BRIEF >>
Since only part of the material below is wanted, output exactly the lines from the one with "Nu masculin allongé" up to and including the one with "Costa Del Mar".

-- Opening Marker --

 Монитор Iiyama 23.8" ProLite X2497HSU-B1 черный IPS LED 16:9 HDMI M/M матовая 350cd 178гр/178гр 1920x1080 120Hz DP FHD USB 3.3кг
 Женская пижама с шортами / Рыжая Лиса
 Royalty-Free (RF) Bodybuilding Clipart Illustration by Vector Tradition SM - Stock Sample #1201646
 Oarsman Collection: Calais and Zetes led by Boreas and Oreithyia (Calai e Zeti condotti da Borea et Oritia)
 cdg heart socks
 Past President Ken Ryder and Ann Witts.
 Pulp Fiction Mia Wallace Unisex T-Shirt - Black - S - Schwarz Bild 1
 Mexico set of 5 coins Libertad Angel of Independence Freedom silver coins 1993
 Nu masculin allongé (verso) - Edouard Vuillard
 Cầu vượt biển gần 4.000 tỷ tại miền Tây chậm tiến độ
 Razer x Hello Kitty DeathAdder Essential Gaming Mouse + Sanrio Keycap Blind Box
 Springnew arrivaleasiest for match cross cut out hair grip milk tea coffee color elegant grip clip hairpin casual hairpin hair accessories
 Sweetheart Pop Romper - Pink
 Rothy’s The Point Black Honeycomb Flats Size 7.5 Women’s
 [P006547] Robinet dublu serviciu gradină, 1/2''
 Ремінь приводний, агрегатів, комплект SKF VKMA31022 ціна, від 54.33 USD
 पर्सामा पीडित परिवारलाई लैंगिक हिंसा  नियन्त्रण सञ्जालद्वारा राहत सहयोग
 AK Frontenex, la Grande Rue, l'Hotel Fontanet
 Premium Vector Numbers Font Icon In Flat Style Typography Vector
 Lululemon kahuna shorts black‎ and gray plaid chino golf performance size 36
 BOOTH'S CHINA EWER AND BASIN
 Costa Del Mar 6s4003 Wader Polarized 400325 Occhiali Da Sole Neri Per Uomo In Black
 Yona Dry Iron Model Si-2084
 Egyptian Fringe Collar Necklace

-- Closing Marker --

THE COMPLETED TASK >>
 Nu masculin allongé (verso) - Edouard Vuillard
 Cầu vượt biển gần 4.000 tỷ tại miền Tây chậm tiến độ
 Razer x Hello Kitty DeathAdder Essential Gaming Mouse + Sanrio Keycap Blind Box
 Springnew arrivaleasiest for match cross cut out hair grip milk tea coffee color elegant grip clip hairpin casual hairpin hair accessories
 Sweetheart Pop Romper - Pink
 Rothy’s The Point Black Honeycomb Flats Size 7.5 Women’s
 [P006547] Robinet dublu serviciu gradină, 1/2''
 Ремінь приводний, агрегатів, комплект SKF VKMA31022 ціна, від 54.33 USD
 पर्सामा पीडित परिवारलाई लैंगिक हिंसा  नियन्त्रण सञ्जालद्वारा राहत सहयोग
 AK Frontenex, la Grande Rue, l'Hotel Fontanet
 Premium Vector Numbers Font Icon In Flat Style Typography Vector
 Lululemon kahuna shorts black‎ and gray plaid chino golf performance size 36
 BOOTH'S CHINA EWER AND BASIN
 Costa Del Mar 6s4003 Wader Polarized 400325 Occhiali Da Sole Neri Per Uomo In Black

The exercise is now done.